_EXERCISE DATA_:
* * * * *

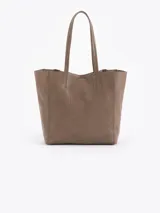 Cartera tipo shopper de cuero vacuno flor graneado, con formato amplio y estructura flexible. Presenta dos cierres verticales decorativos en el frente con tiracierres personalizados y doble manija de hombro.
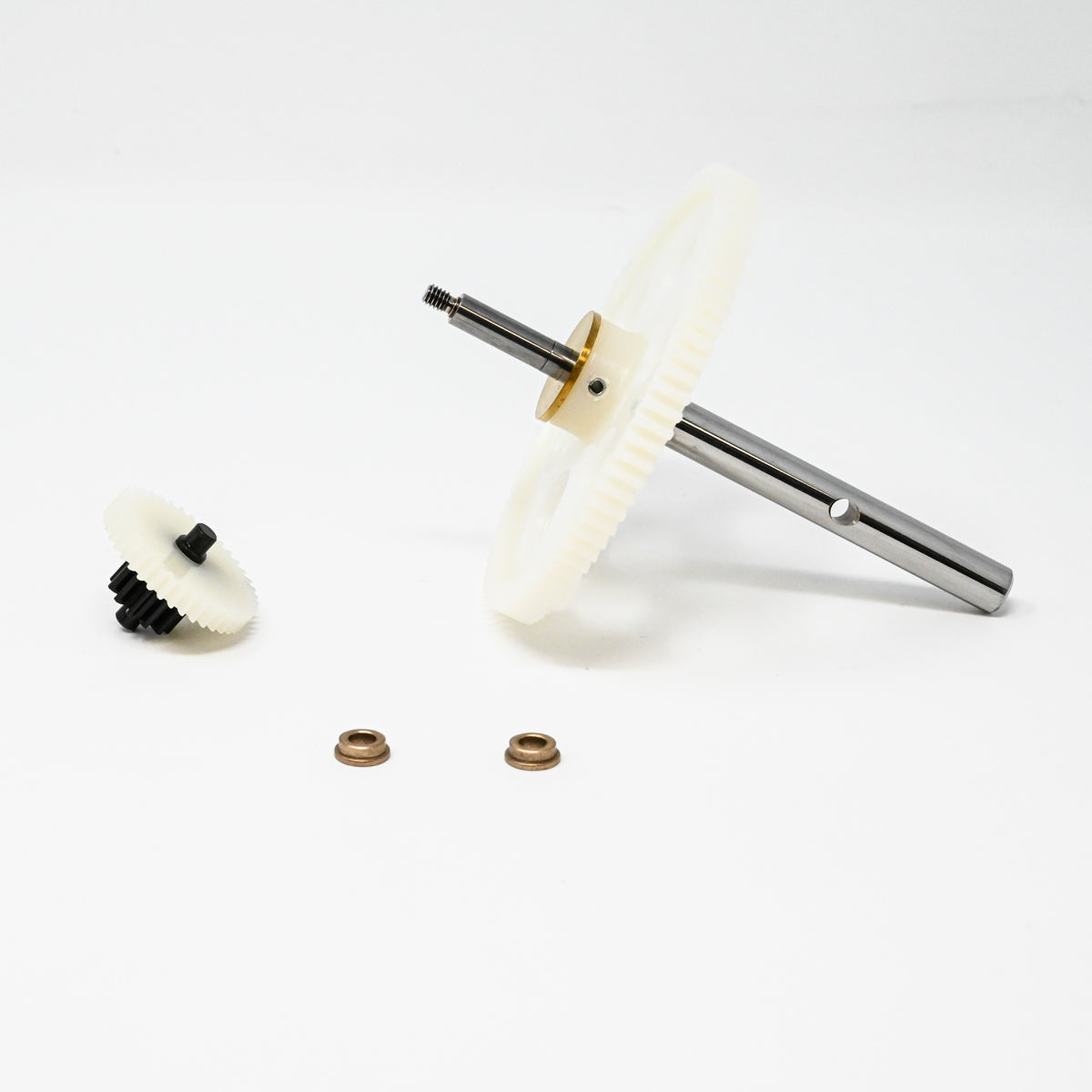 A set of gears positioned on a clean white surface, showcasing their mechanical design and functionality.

* * * * *

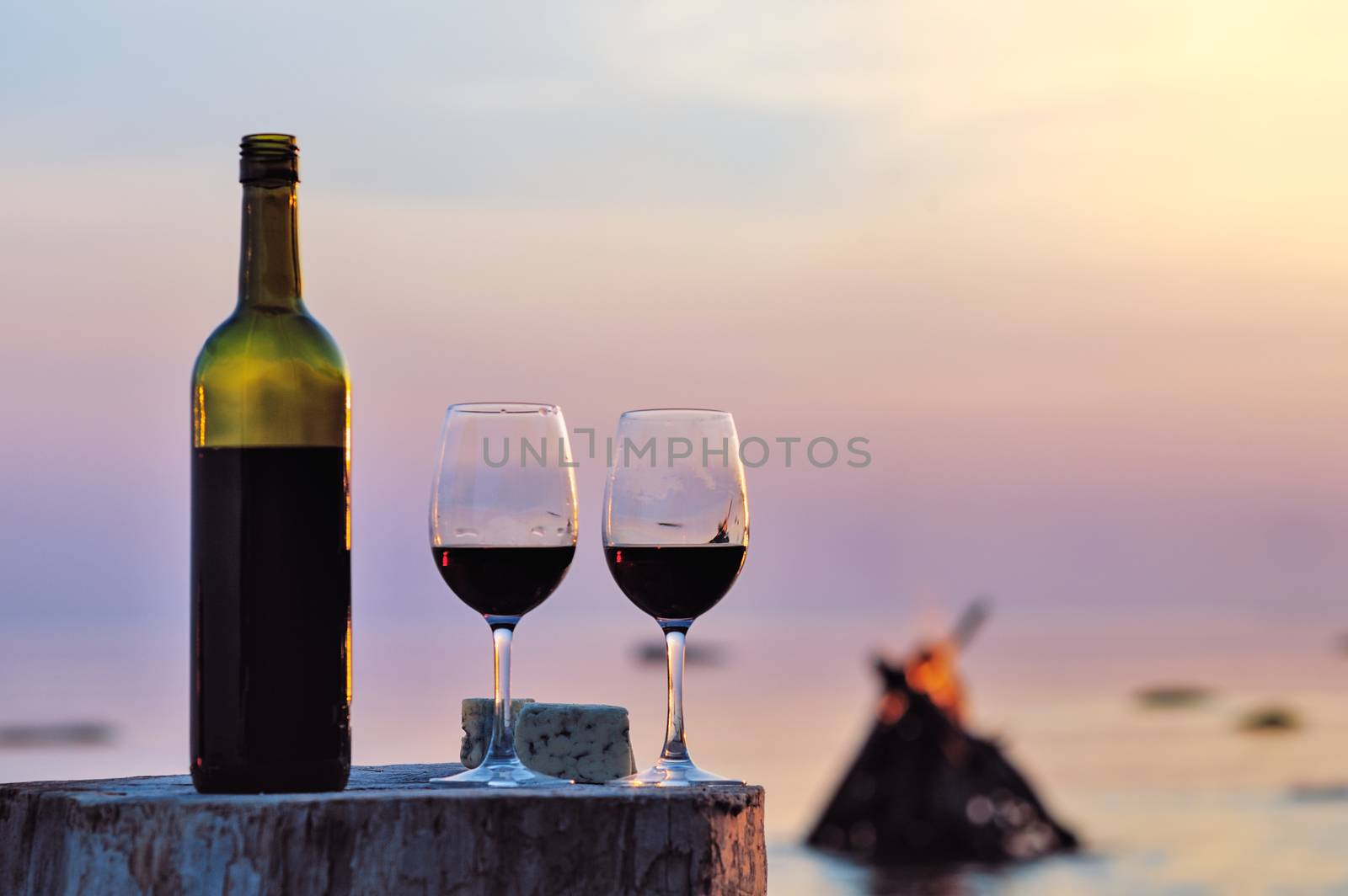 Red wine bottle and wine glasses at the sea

* * * * *

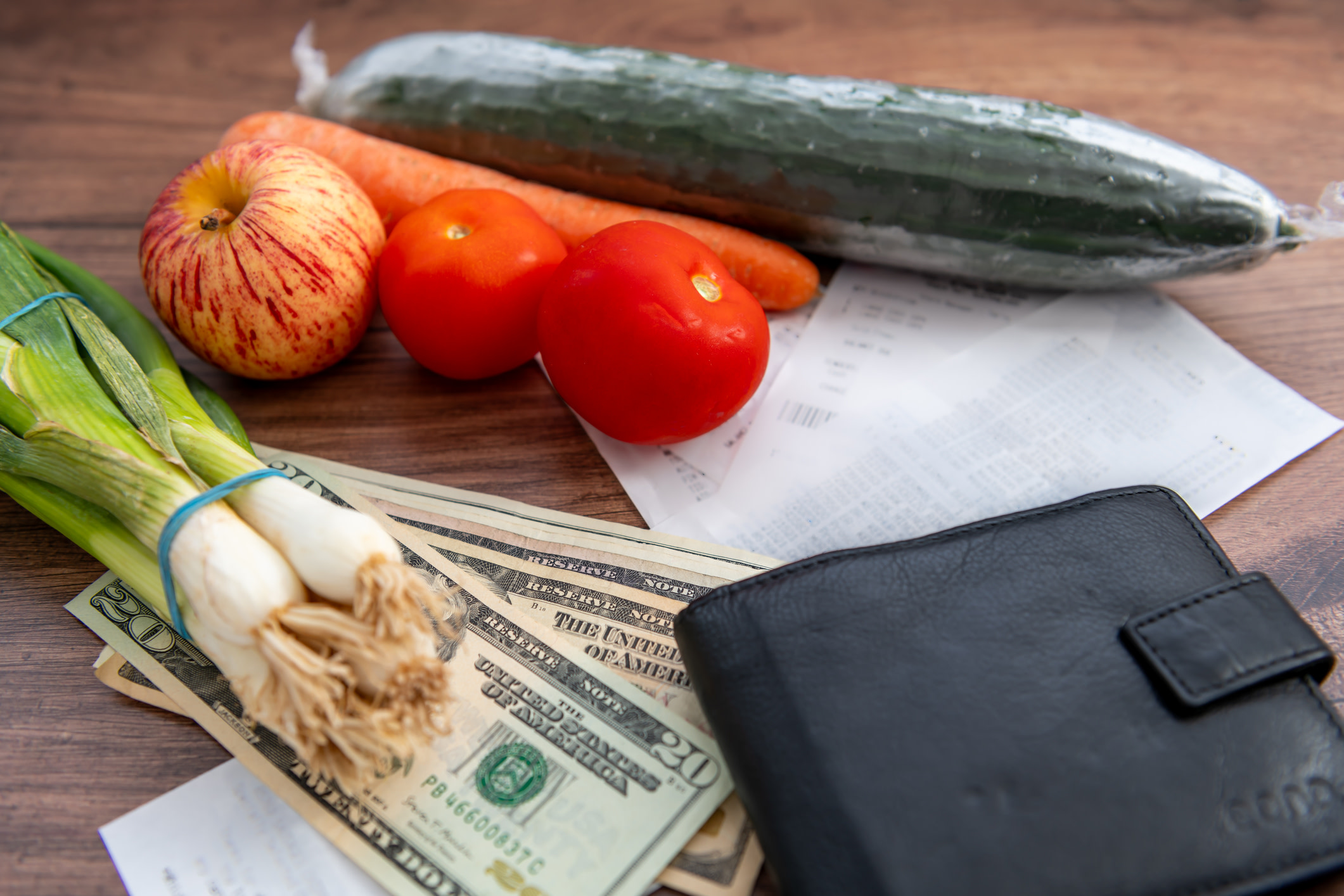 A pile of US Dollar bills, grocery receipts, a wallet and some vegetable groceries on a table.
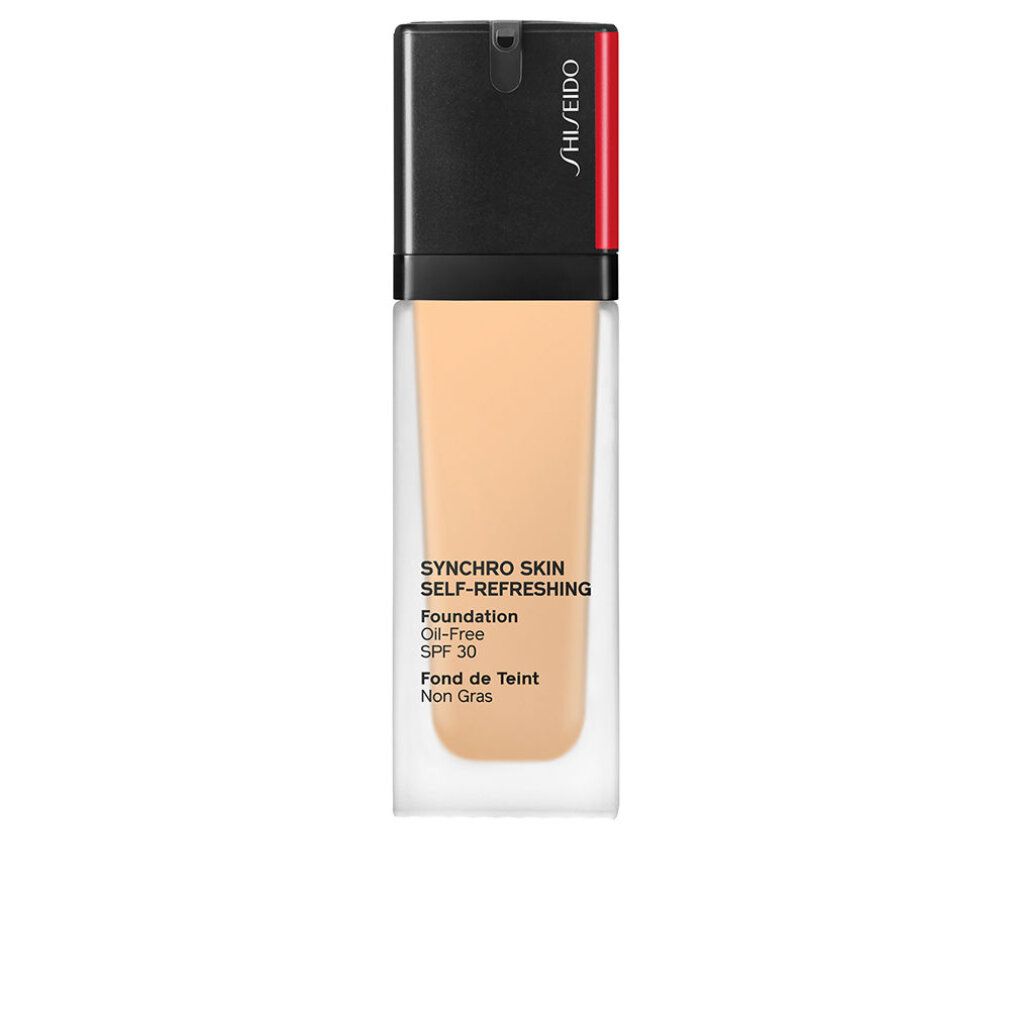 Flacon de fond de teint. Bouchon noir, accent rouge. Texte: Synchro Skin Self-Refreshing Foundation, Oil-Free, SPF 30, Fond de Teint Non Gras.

* * * * *

_ASSIGNED TASK_: Having found the line with "Cartera tipo shopper" and the line with "A set of gears" in the material above, write out exactly those two and every line between, leaving the pictures out.

_RESULT FOR THIS TASK_:
 Cartera tipo shopper de cuero vacuno flor graneado, con formato amplio y estructura flexible. Presenta dos cierres verticales decorativos en el frente con tiracierres personalizados y doble manija de hombro.
 A set of gears positioned on a clean white surface, showcasing their mechanical design and functionality.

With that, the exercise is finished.